Stealth aircraft need to be built with special materials that xxxxxx, shaping to help xxxx and xxxx, without xxxxx, and surface treatments that xxxx the xxxx to ensure xxxx while preventing xxxx and being easy to xxxxx.  All of these need to be balanced because the overall design and individual design details must be tuned to xxxx, leading to compromises in both xxxx and xxxx.  You can make a great all-around stealth shape with special materials, but it may not be flyable or useful due to payload, aero efficiency, and maintainability, and it still won't be perfectly "stealthy" against the entire EM, visual, or thermal spectrums.  So they do their best to match the stealthy characteristics against known and predicted threats in order to be "good enough" to get to the target and back both now and in the future, also generally assuming some level of cooperative support from other assets and capabilities in really high-threat scenarios.
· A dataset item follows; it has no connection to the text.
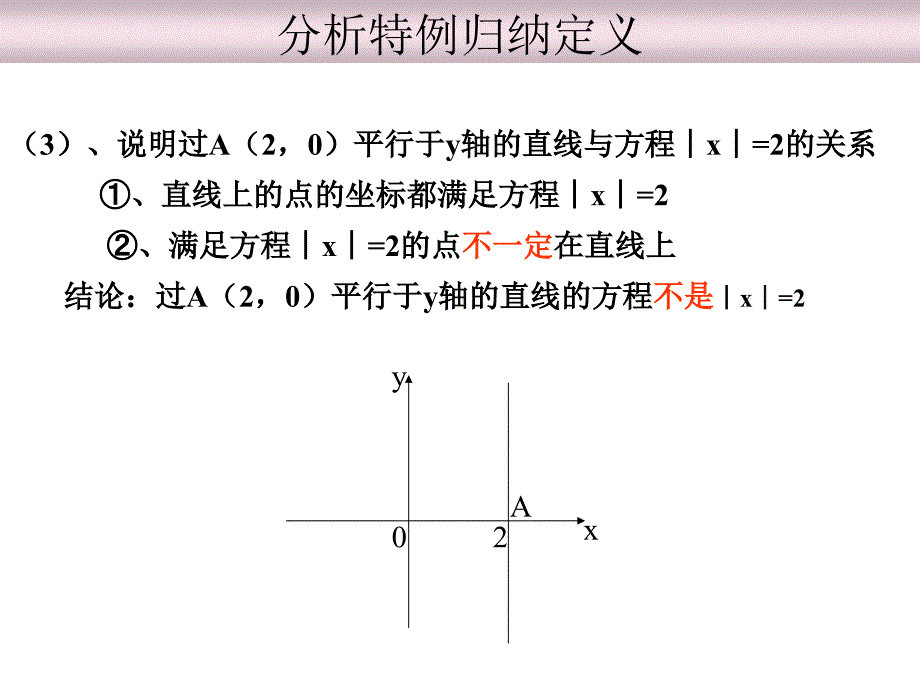 曲线与方程第一节课_第5页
So... its complicated and there will always be one or more current or future threat systems that will defeat any particular aircraft.  So what.  There's always a threat we can't defeat.  The question is if the weapon program will be good enough to fit within a system of systems to get the job done in scenarios we can anticipate, and hopefully have enough capability to be effective and survivable in those scenarios that surprise us.  This aircraft is no different from any other aircraft in the past or in the future, so don't get caught up in the rabble rousing on either side just because they can blabber on about what if this one specific highly technical situation where....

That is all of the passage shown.